Bianca Berlinguer prova a sdrammatizzare

Bianca Berlinguer ha commentato divertita: "Tutto può succedere" e Pierluigi Diaco di rimando: "Tutto può succedere, ci sono sempre dei lavori in corso, possiamo anche non aggiungere altro io e te che siamo navigati". Pochi secondi dopo, si sono sentiti anche i colpi di un martello. Poi di nuovo il trapano. "Nel frattempo continuano i lavori in corso": ha provato a sdrammatizzare la Berlinguer. Diaco, seppure dissimulando il fastidio, è tornato a evidenziare: "Intanto qui ci sono trapani, martelli, è fantastico. Io devo dire che questo studio è meraviglioso, il migliore in cui potessi lavorare".

Per Katia Ricciarelli è una vergogna

Il rumore del trapano in sottofondo era francamente troppo forte e interferiva con l'intervista in corso. Non sorprende, dunque, che Diaco abbia domandato agli autori: "Ma mi spiegate dove stanno facendo i lavori?". Da dietro le quinte, hanno replicato che i rumori venivano dal piano di sopra e il conduttore ha continuato: "Al quarto piano stanno lavorando con i trapani mentre noi trasmettiamo? Ma è meraviglioso". In sottofondo, intanto, si è sentita la voce di Katia Ricciarelli commentare: "Il bello della diretta, che vergogna". I rumori sono ripresi e Bianca Berlinguer, senza riuscire a trattenere una risata, si è chiesta: "Chissà se li sentono in onda questi rumori, noi li sentiamo molto bene". Sì, i rumori si sentivano chiaramente anche da casa.
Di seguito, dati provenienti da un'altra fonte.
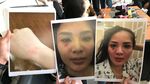 Nindy Ayunda Tunjukkan Bukti KDRT, Luka Lebam hingga Rambut Rontok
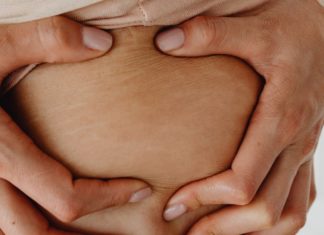 6 Essential Oils for Stretch Marks Removal 6 Essential Oils for Stretch Marks Removal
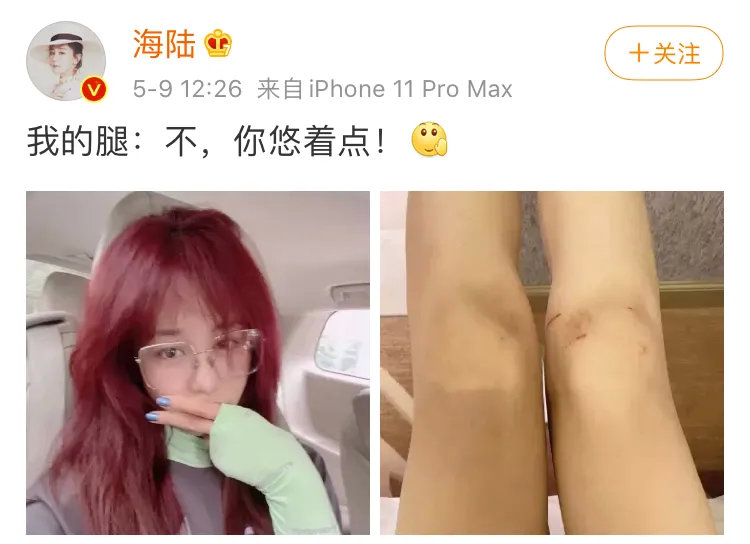 为什么一些女孩的膝盖总有淤青?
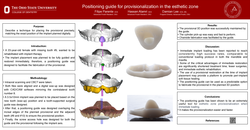 Thumbnail for Positioning guide for provisionalization in the esthetic zone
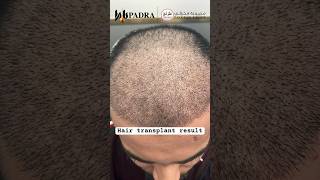 Hair transplant result at Padra Clinic Dubai. #hairtransplant #hair #haircut #hairclinic #hairstyle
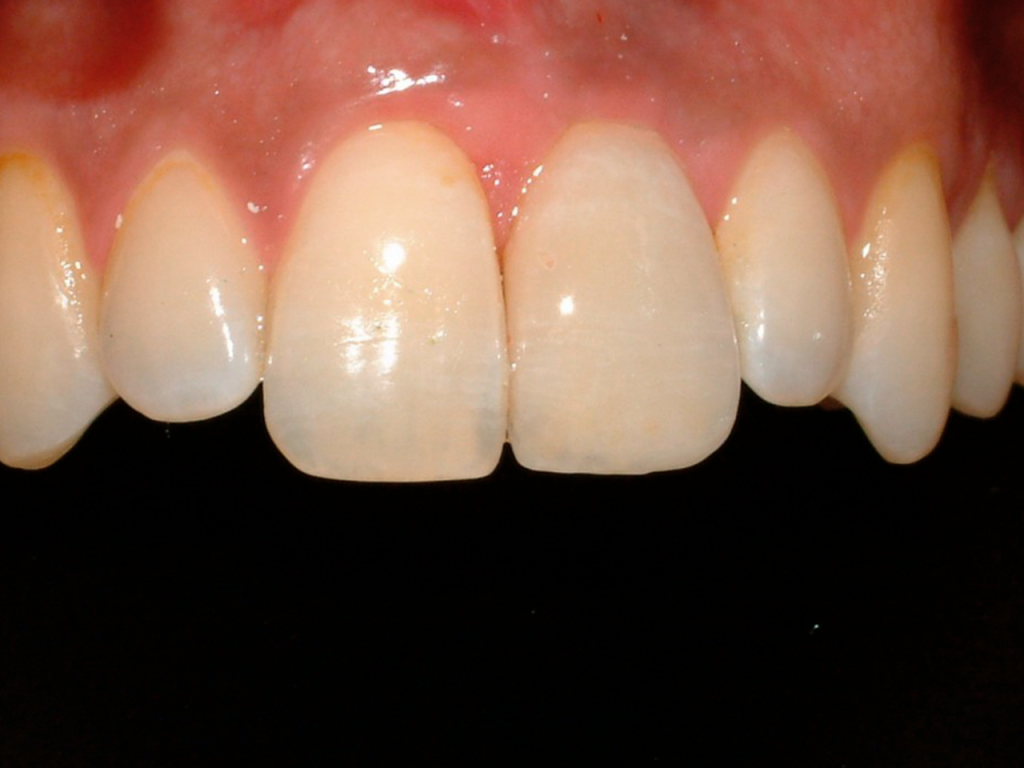 Resultado después de implantes con carga inmediata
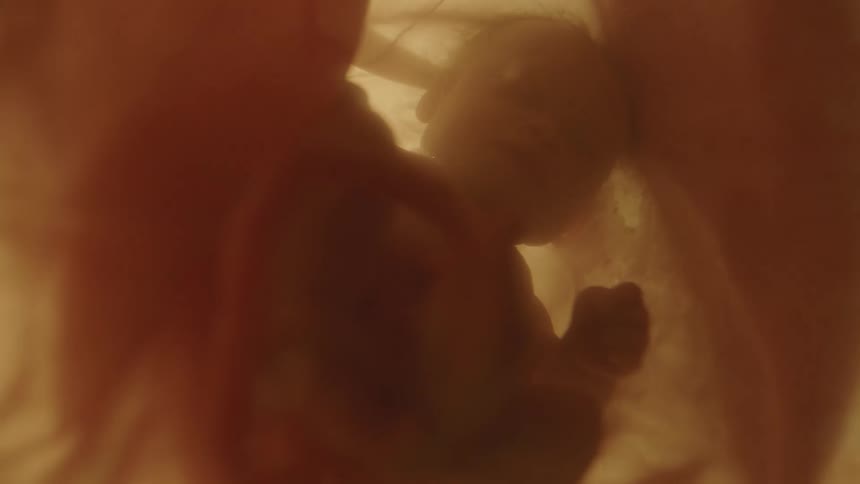 A fetus floating in utero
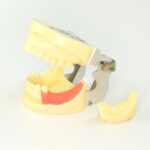 Implant tooth dental model
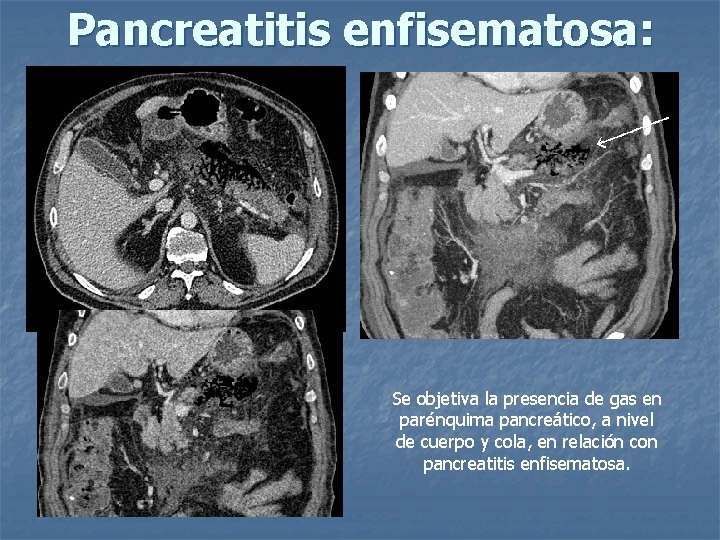 Pancreatitis enfisematosa: Se objetiva la presencia de gas en parénquima pancreático, a nivel de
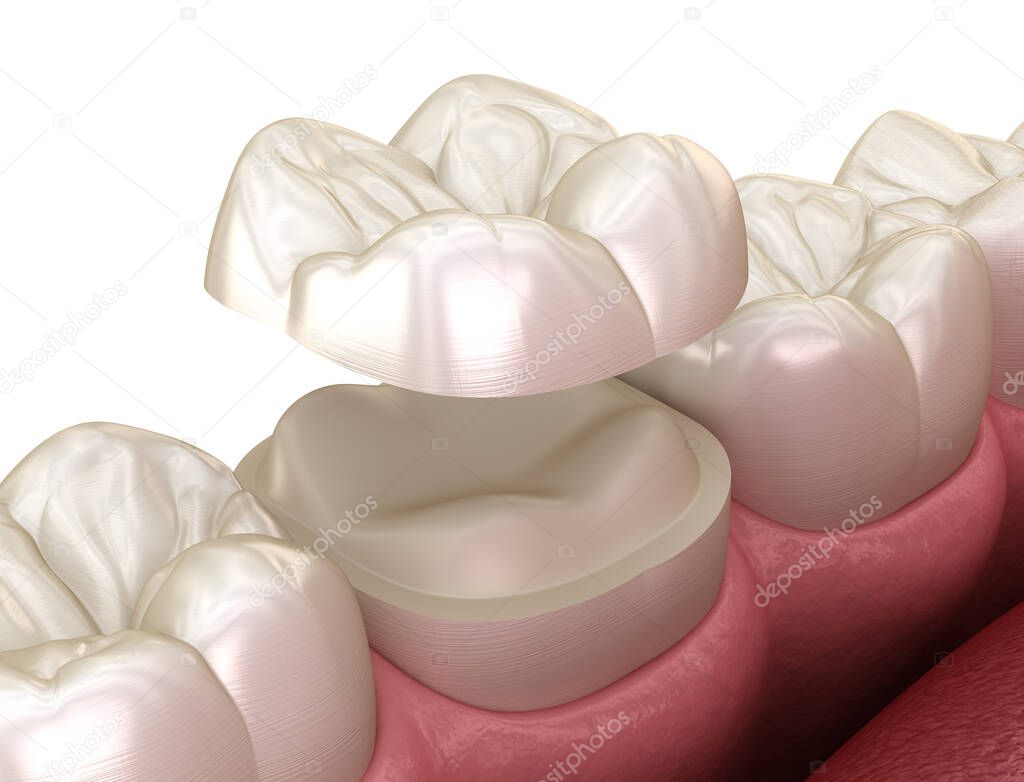 Onlay ceramic crown fixation over molar tooth. Medically accurate 3D illustration of human teeth treatment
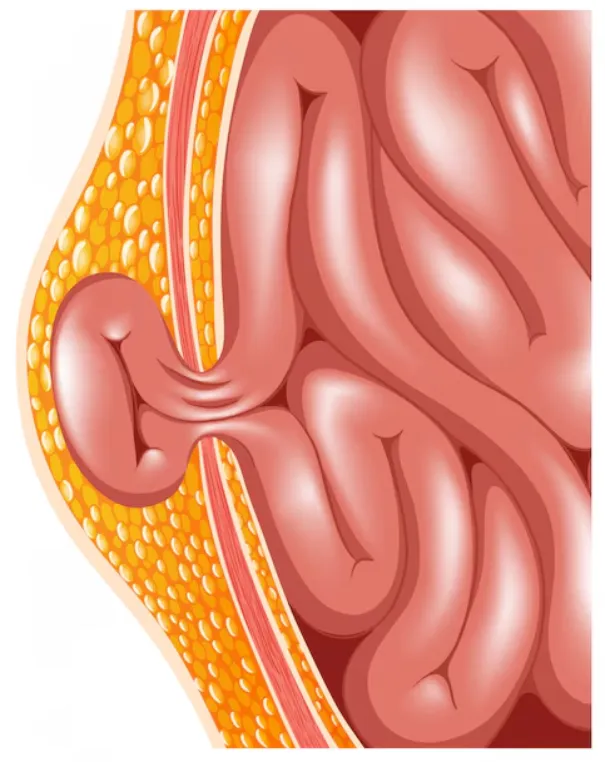 Laparoscopic Hernia Repair in Panvel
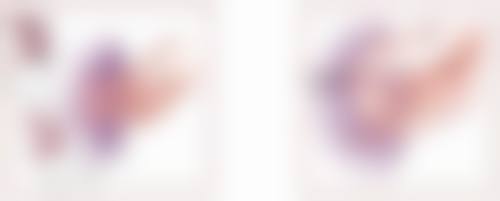 黑眼圈大眼袋怎么消除——充足睡眠保护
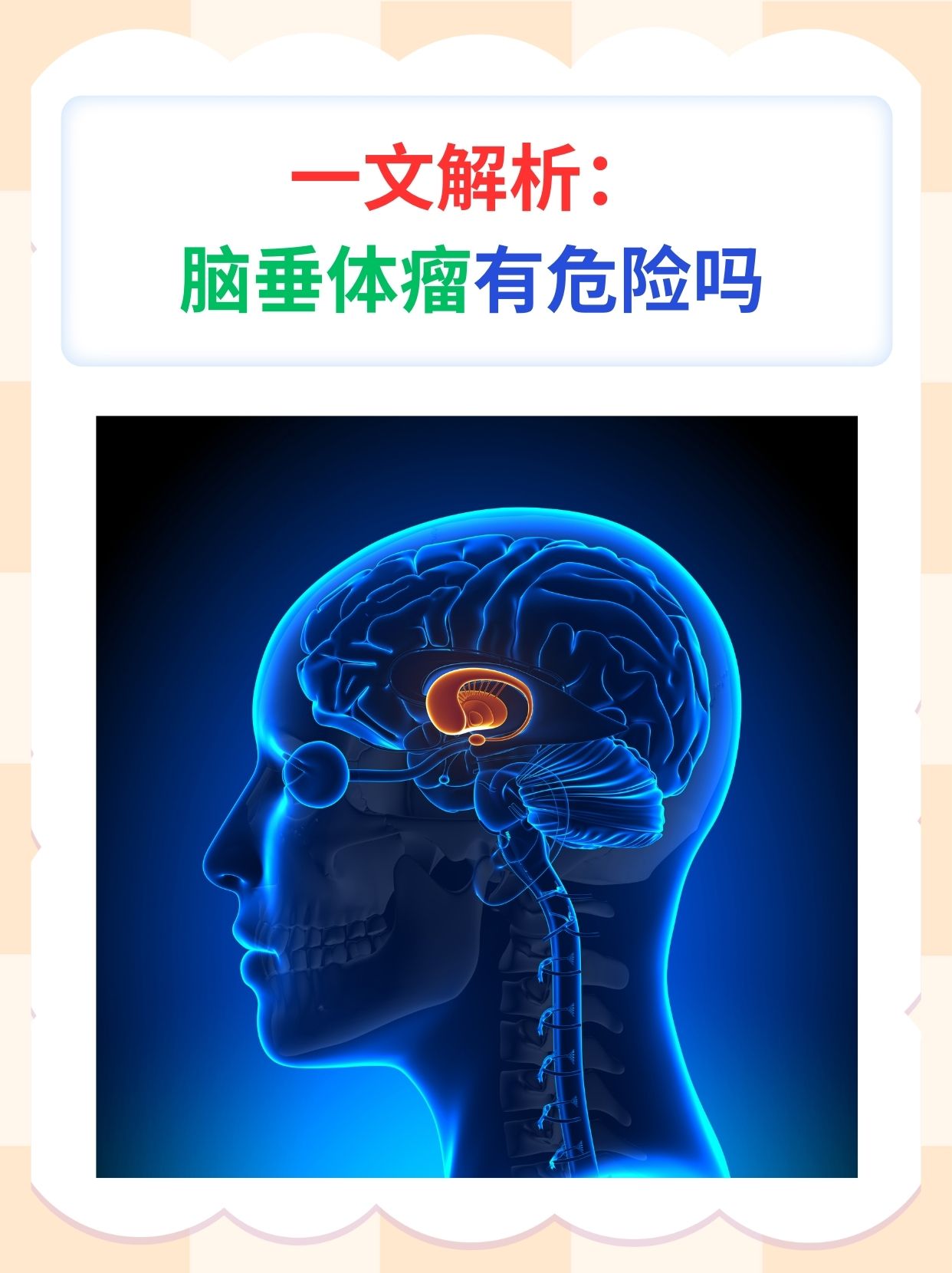 一文解析:脑垂体瘤有危险吗
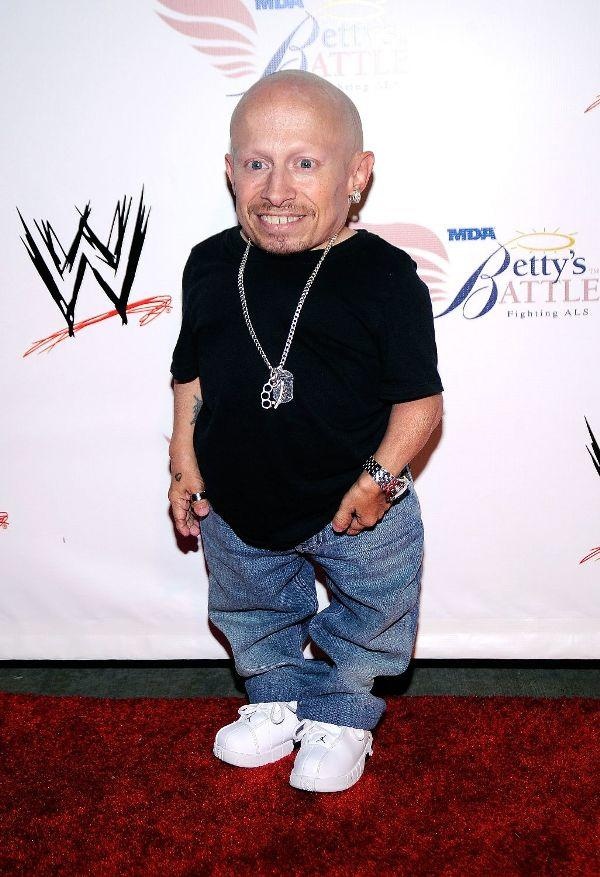 diễn viên tí hon Verne Troyer ảnh 2 dien vien ti hon Verne Troyer anh 2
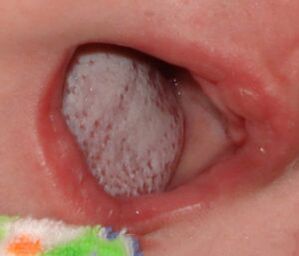 Localisation de la maladie avec un champignon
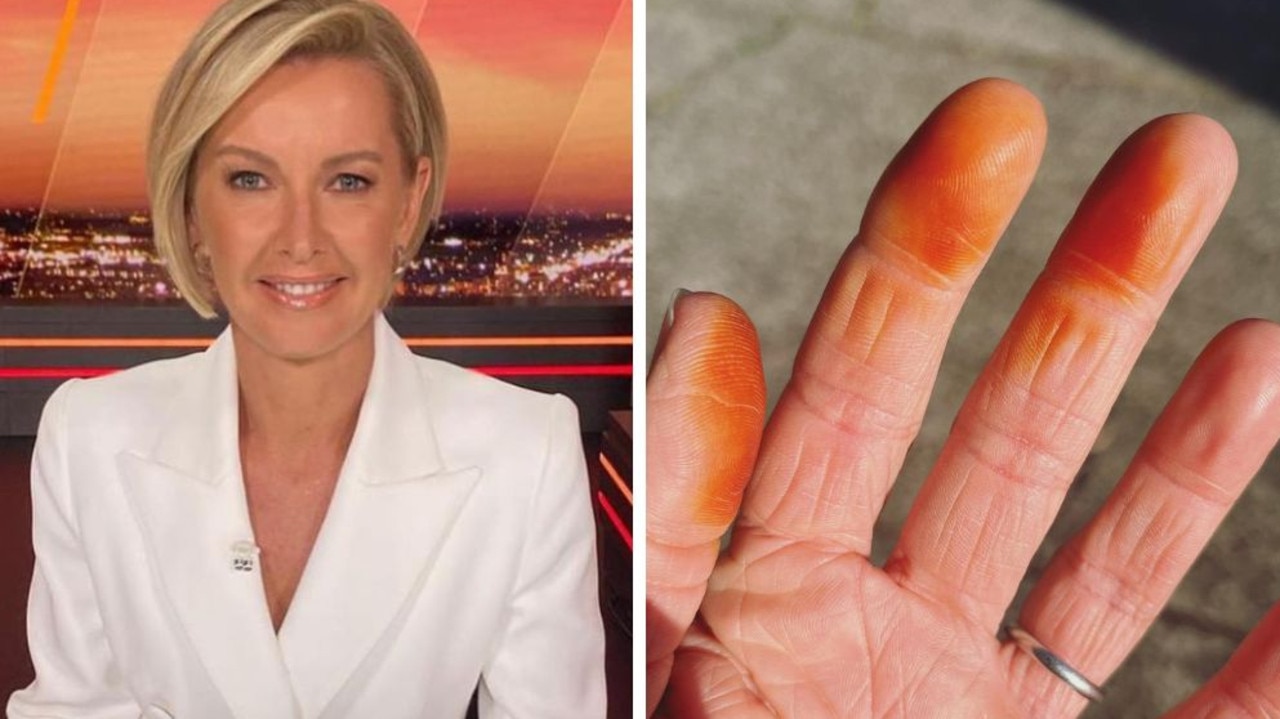 ‘Disgusting’ cause of Channel 9 star’s yellow fingers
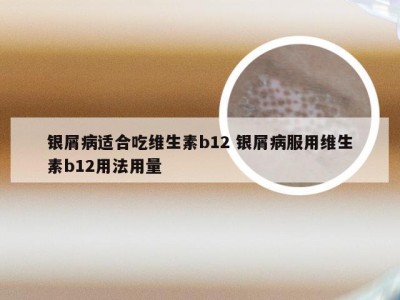 银屑病适合吃维生素b12 银屑病服用维生素b12用法用量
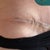 4 weeks PO left side, ledge/bulge side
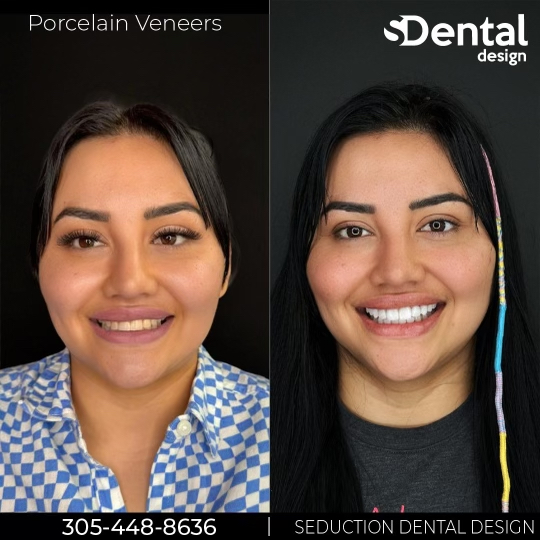 Porcelain Veneers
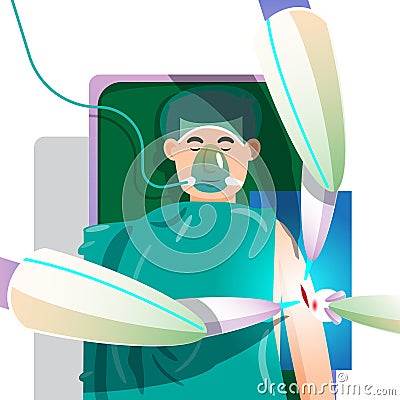 A Robotic Arm Performs Surgery On A Patient. Small Incision Robotic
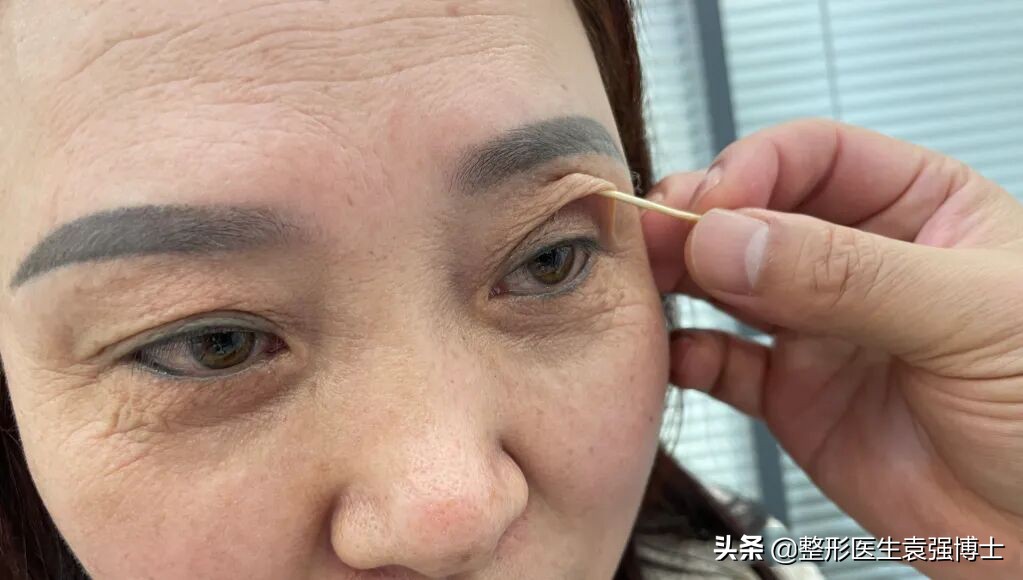 三角眼眼皮松弛怎么做好看,45岁上眼皮松弛下垂出现三角眼
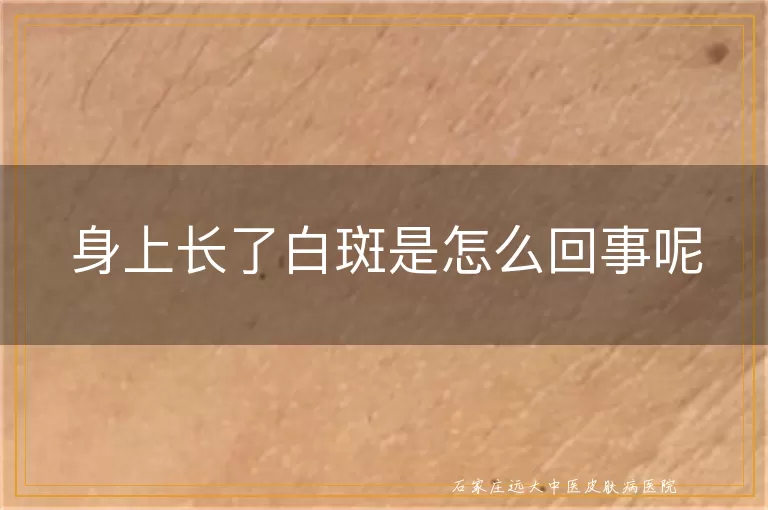 身上长了白斑是怎么回事呢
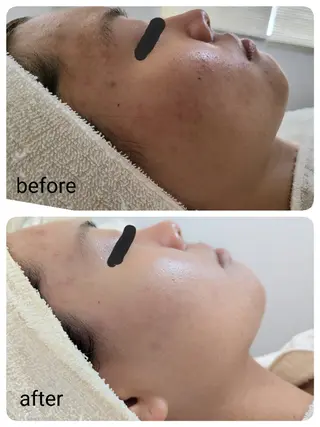 レチノール/ニキビ/ 毛穴ケア 浅川のエステ・リラクイメージ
Diaco ha chiesto che qualcuno facesse presente che stavano disturbando: "Tra poco faccio ascoltare una canzone e ci vuole il doveroso silenzio. Qualcuno di voi, generosamente, potrebbe andare al quarto piano e dire che noi stiamo lavorando". Poco dopo, gli hanno assicurato che coloro che stavano usando il trapano erano stati informati, ma Diaco ha concluso: "Gliel'avete detto ma continuano con i martelli, ma che meraviglia".